I remember Mr. Perry reminiscing about going into the Pas school to see BL's cot in the corner. He also spoke often of Bruce being in Wally Jay's extra room for a bit, as well as some buncha other guys. Even good "story" to talk with some of the DZRJJ oldsters...recalling Mr. Parker being in "discussions" with Mr. Kufferath and Mr. Jay. 

As for Mr. Inosanto...there are still a lot of the old Fillipino's around who taught him. Many who recall training with him WHILE he was also with Mr. Parker (which would be pre-BL?). Old classes were held in the backyards of what were effectively Central California day laborers. One of them -- an old instructor of mine -- was Sam Tendencia (look in the back of Danny's book). He liked Dan's trainability a lot. Spoke highly of him, and was proud to have been part of Mr. Inosanto's cadre of instructors. 

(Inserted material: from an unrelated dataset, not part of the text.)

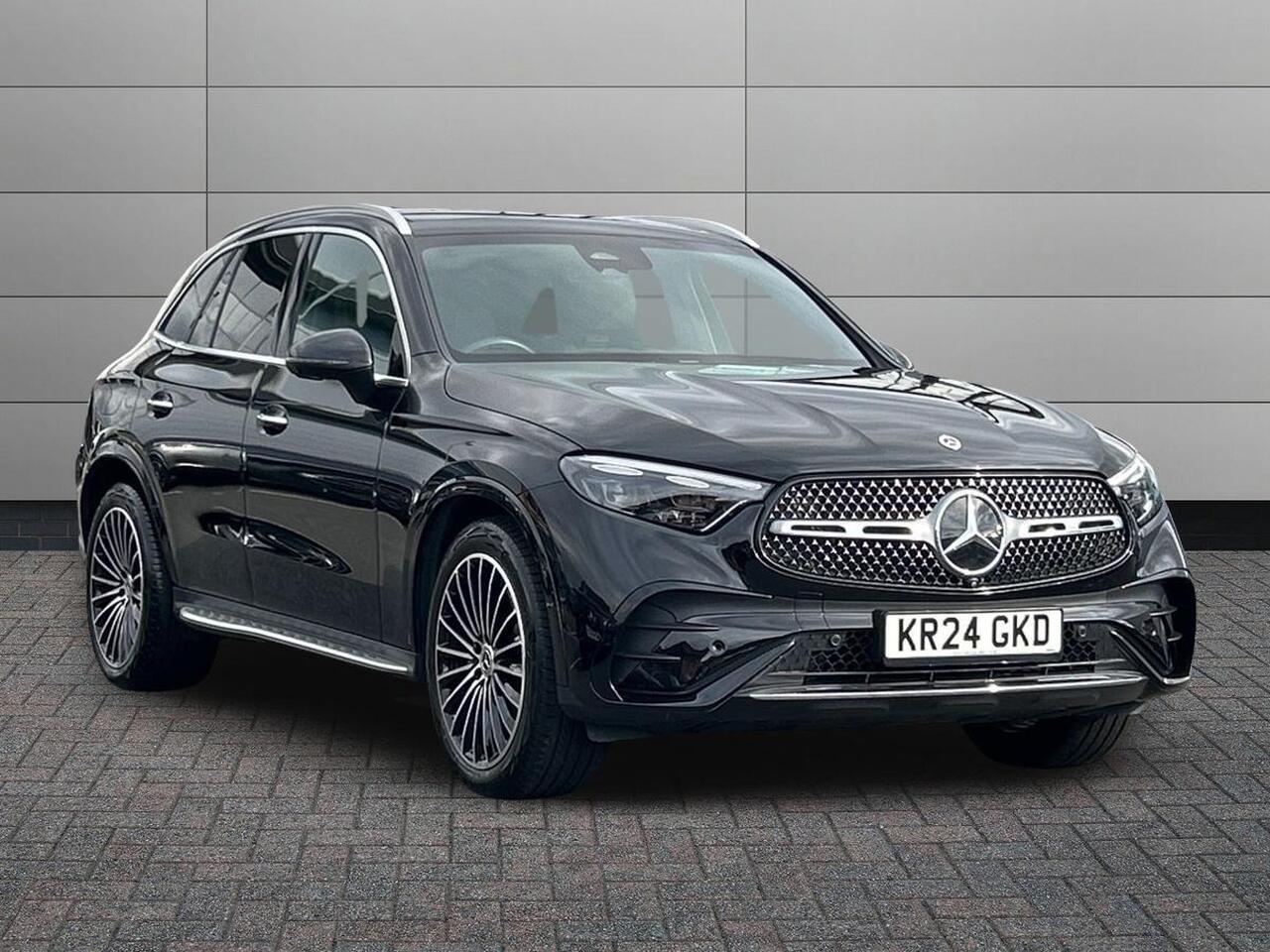 Main listing image - Mercedes-Benz GLC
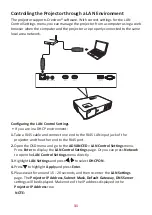 Предварительный просмотр 31 страницы ViewSonic LS610HDH Series User Manual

Master Sam was also a living Judo legend (in addition to arnis), having trained and ranked at the Kodokan under Mifune Sensei as an uchi-deshi. A lot of the jujutsu-type holds done with sticks can be traced to some Sam influence. Sam is currently heavily afflicted with Alzheimers. However, if anyone wants a super-clear answer, Mr. Inosanto is alive and well. And cognitively clear. Also really humble and a super nice guy, so factor that into any answers you get by calling him directly.

D.


----------